Below, the logistic regression process is demonstrated for two-dimensional training data that is linearly non-divided.

> > Data<-iris[51:150,]> samp<-sample (100,80) > Names (data) <-c (' SL ', ' SW ', ' pl ', ' pw ', ' species ') > testdata<-data[samp,]> traindata<-data[-samp,]>> lgst<-glm (testdata$species~sw+pw,binomial (link= ' logit '), Data=testdata) > Summary (LGST) call:glm (formula = testdata$species ~ SW + PW, family = binomial (link = "Lo Git "), data = testdata) deviance residuals:min 1Q Median 3Q max-1.82733-0.16423 0.00    429 0.11512 2.12846 coefficients:estimate Std. Error z value Pr (>|z|) (Intercept) -12.915 5.021-2.572 0.0101 * sw-3.796 1.760-2.156 0.0310 * PW 14.7 3.642 4.046 5.21e-05 * * *---signif. codes:0 ' * * * ' 0.001 ' * * ' 0.01 ' * ' 0.05 '. ' 0.1 ' 1 (dispersion parameter for binomial family taken to being 1) Null deviance:110.85 on + degrees of Freedomresid UAL deviance:24.40 on degrees of freedomaic:30.4number of Fisher scoring iterations:7> #画拟合概Rate Graph > p<-predict (lgst,type= ' response ') > Plot (seq ( -2,2,length=80), sort (p), col= ' Blue ') >> #画训练样本数据散点图 >a<-testdata$species== ' versicolor ' > x1<-testdata[a, ' SW ']> y1<-testdata[a, ' PW ']> x2<-  Testdata[!a, ' SW ']> y2<-testdata[!a, ' PW ']> summary (TESTDATA$SW) Min. 1st Qu.    Median Mean 3rd Qu.   Max.  2.000 2.700 2.900 2.881 3.100 3.800 > Summary (TESTDATA$PW) Min. 1st Qu.    Median Mean 3rd Qu.   Max. 1.000 1.300 1.600 1.672 2.000 2.500 > > Plot (X1,y1,xlim=c (1.5,4), Ylim=c (. 05,3), xlab= ' SW ', ylab= ' pw ', col= ' bl UE ') > points (x2,y2,col= ' red ') > > #画分类边界图, which is an image of H (x) =0.5 > X3<-seq (1.5,4,length=100) > y3<-(3.796/ 14.735) *x3+13.415/14.735> lines (X3,Y3)

  

Fit Probability curve:

(S-shaped curve that basically conforms to the logistic model)

Training sample scatter plots and classification boundaries:

(The classification boundary of the drawing logistic regression is the drawing curve h (x) =0.5)

Generalized linear model R--GLM function (i.)

Contact Us

The content source of this page is from Internet, which doesn't represent Alibaba Cloud's opinion; products and services mentioned on that page don't have any relationship with Alibaba Cloud.
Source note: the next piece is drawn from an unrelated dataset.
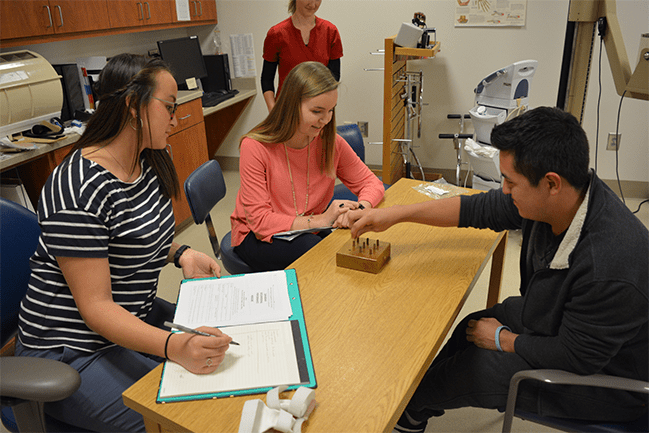 Occupational therapy student helping a patient while a supervisor looks on.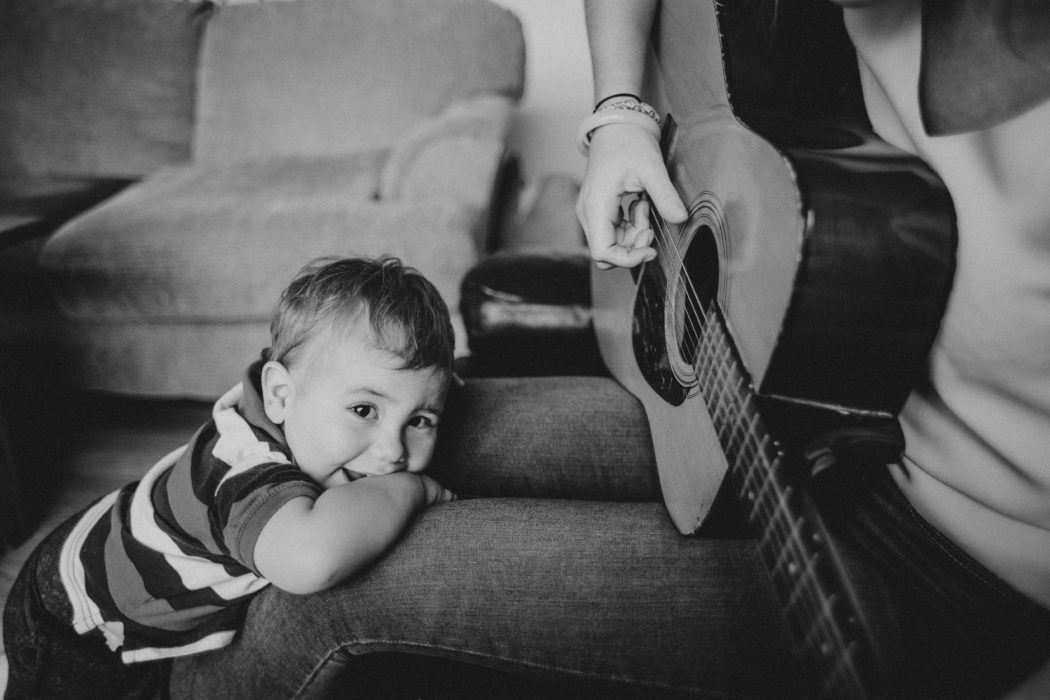 Baby listening to guitar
If the content of the page makes you feel confusing, please write us an email, we will handle the problem within 5 days after receiving your email.
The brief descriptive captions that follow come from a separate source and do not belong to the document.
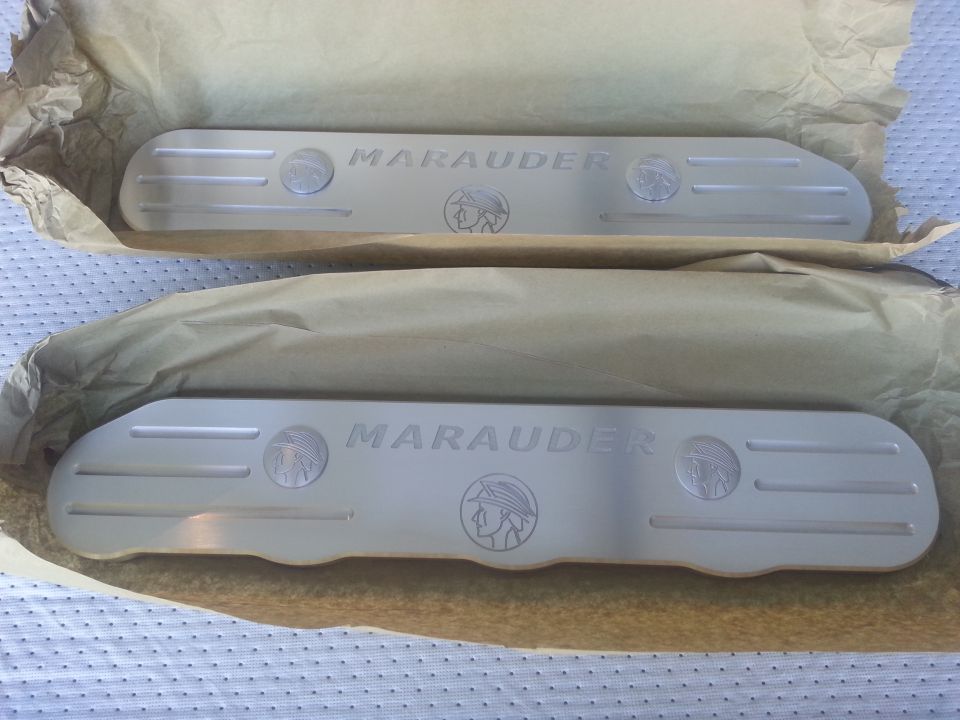 Two aluminum Marauder branded coil covers, one on top of the other, wrapped in paper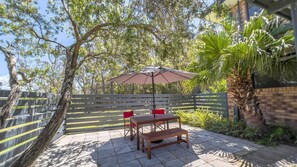 Relax in a serene outdoor space surrounded by lush greenery and a shaded patio area.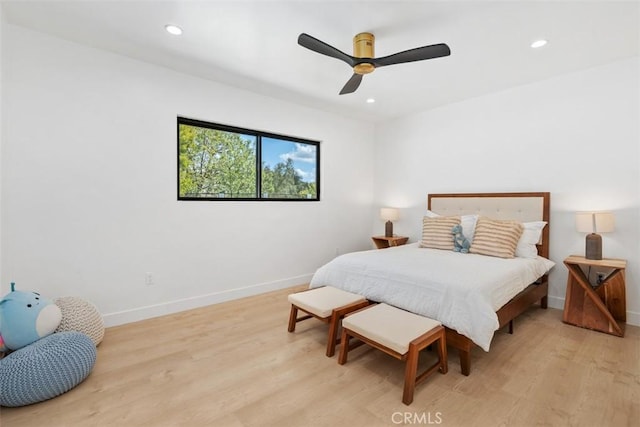 bedroom featuring recessed lighting, baseboards, ceiling fan, and light wood-type flooring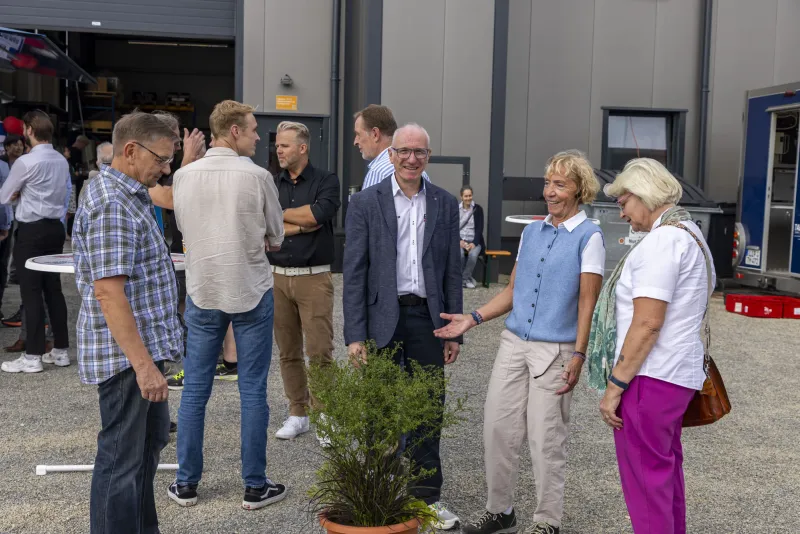 Guests in the yard outside the hall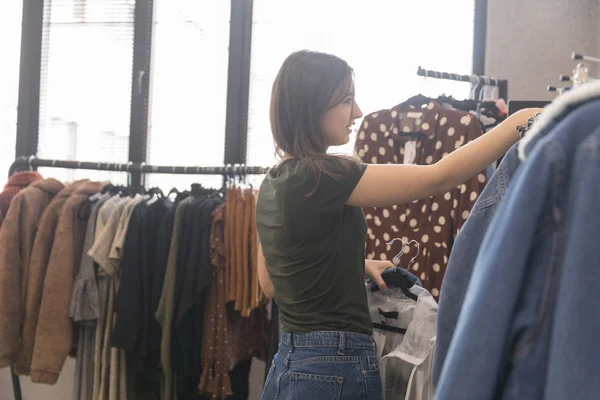 Дівчина в магазині одягу вибирає джинсову куртку — стокове фото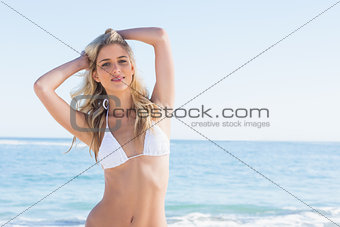 Beautiful blonde smiling and ruffling her hair in white bikini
If you find any instances of plagiarism from the community, please send an email to: info-contact@alibabacloud.com and provide relevant evidence. A staff member will contact you within 5 working days.
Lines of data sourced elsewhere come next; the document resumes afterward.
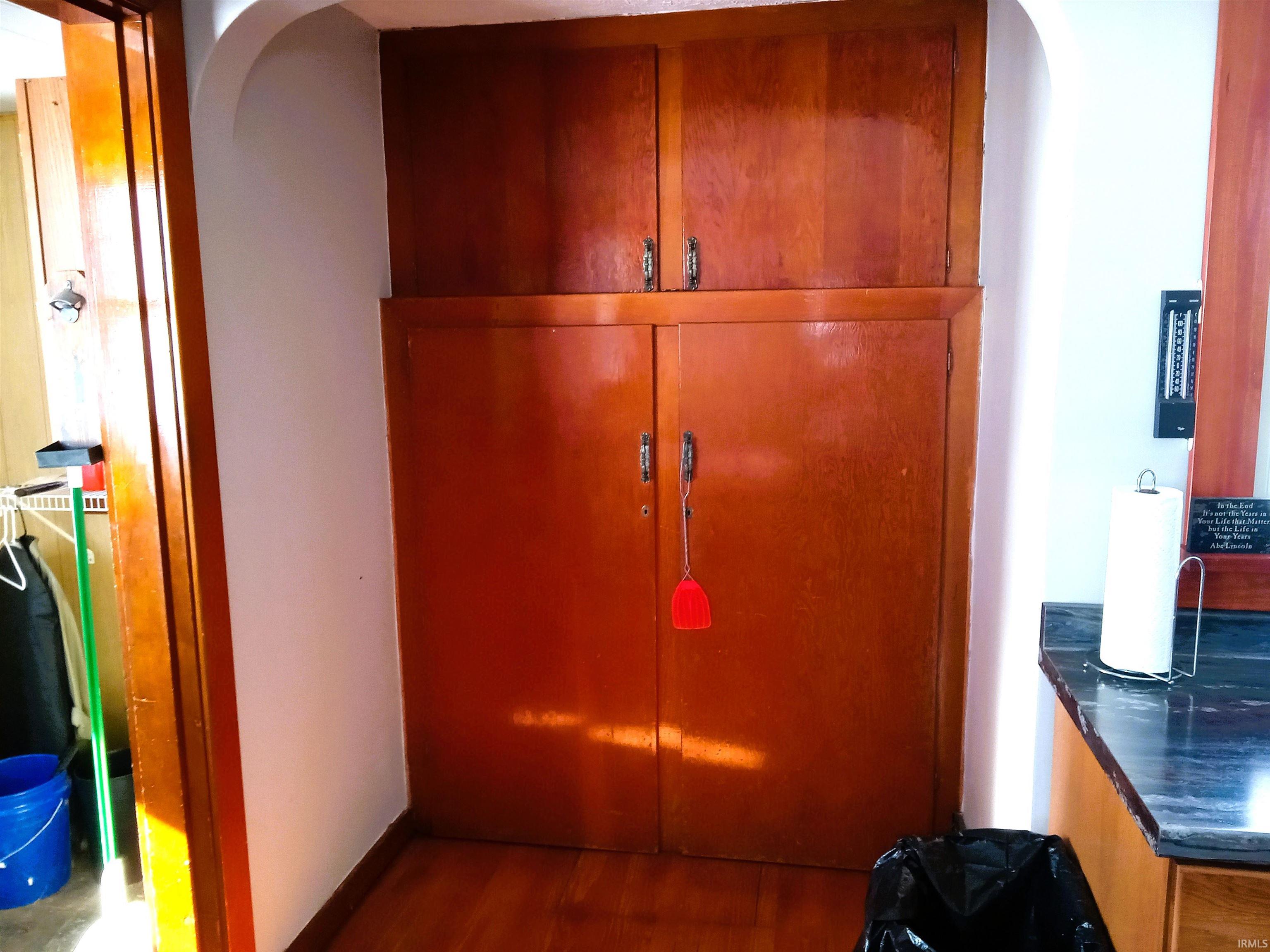 Detailed view of arched walkways and wood finished floors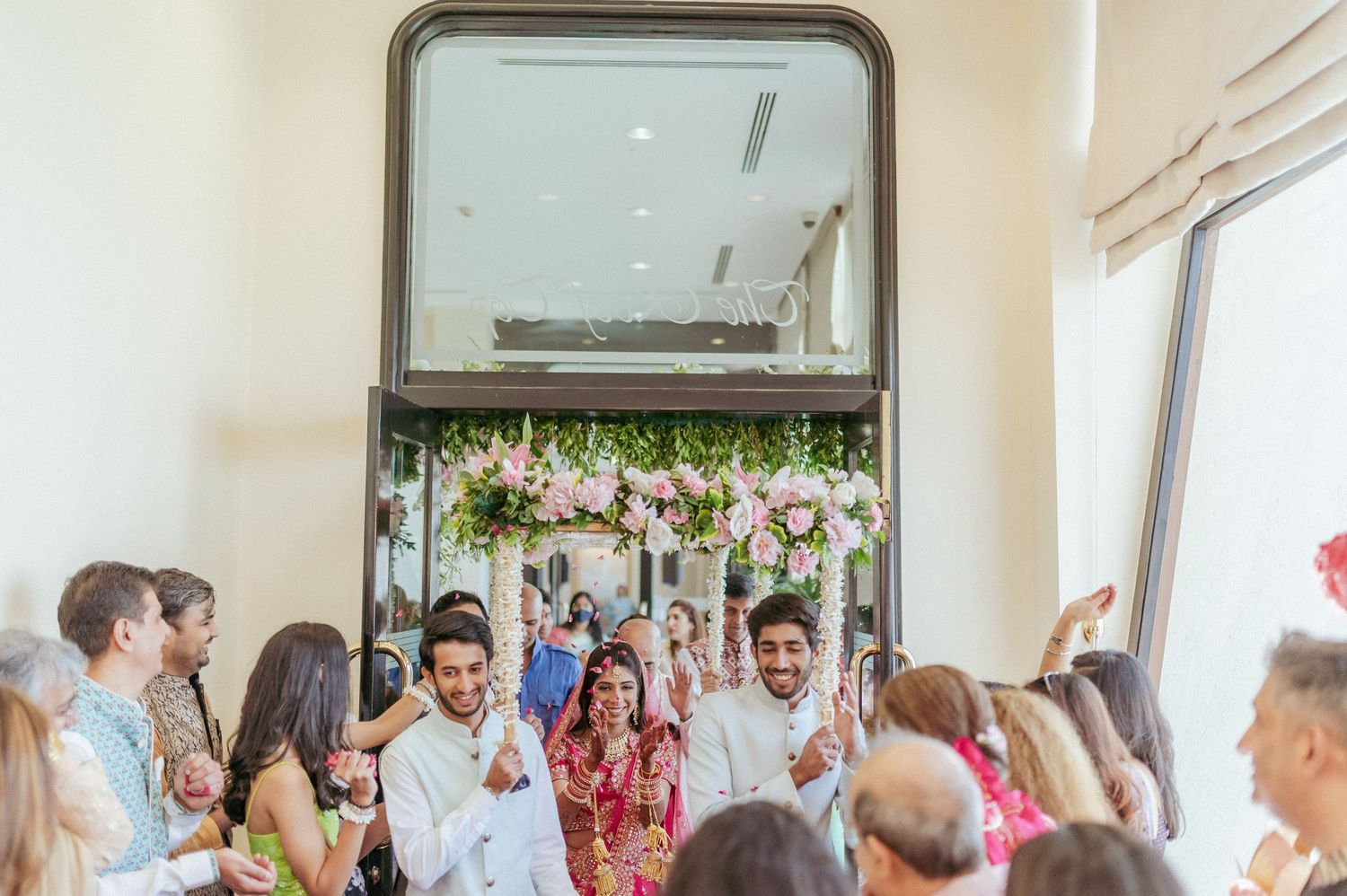 Indian wedding guests celebrate as bride and groom make grand entrance through decorated doorway.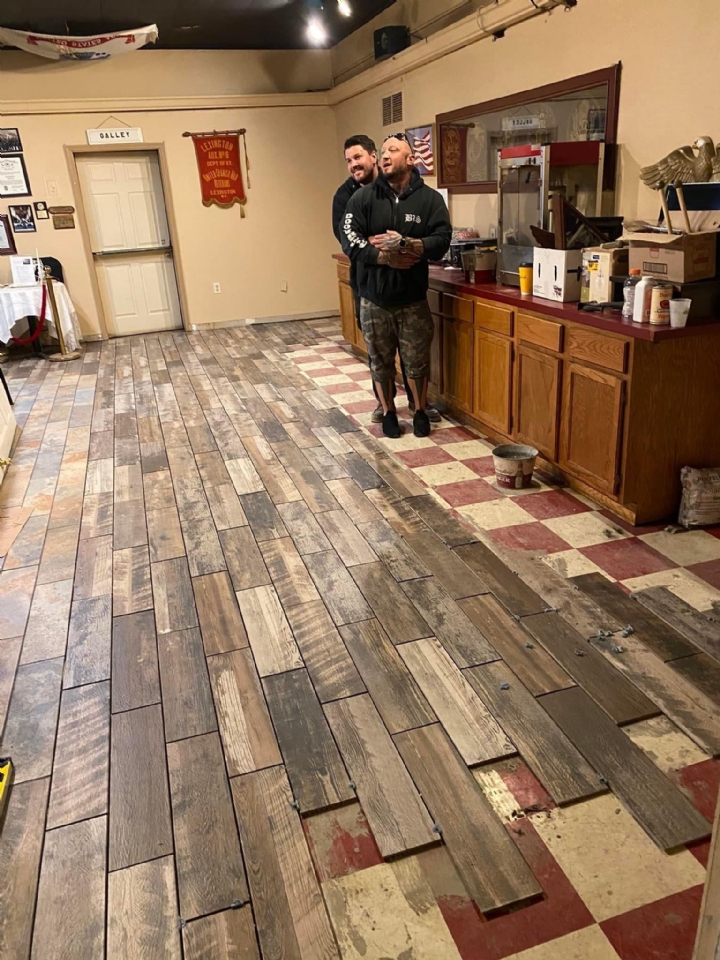 Here members of the local prison guard union finish up the tile in our mess hall.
A Free Trial That Lets You Build Big!

Start building with 50+ products and up to 12 months usage for Elastic Compute Service

  • Sales Support

    1 on 1 presale consultation

  • After-Sales Support

    24/7 Technical Support 6 Free Tickets per Quarter Faster Response

  • Alibaba Cloud offers highly flexible support services tailored to meet your exact needs.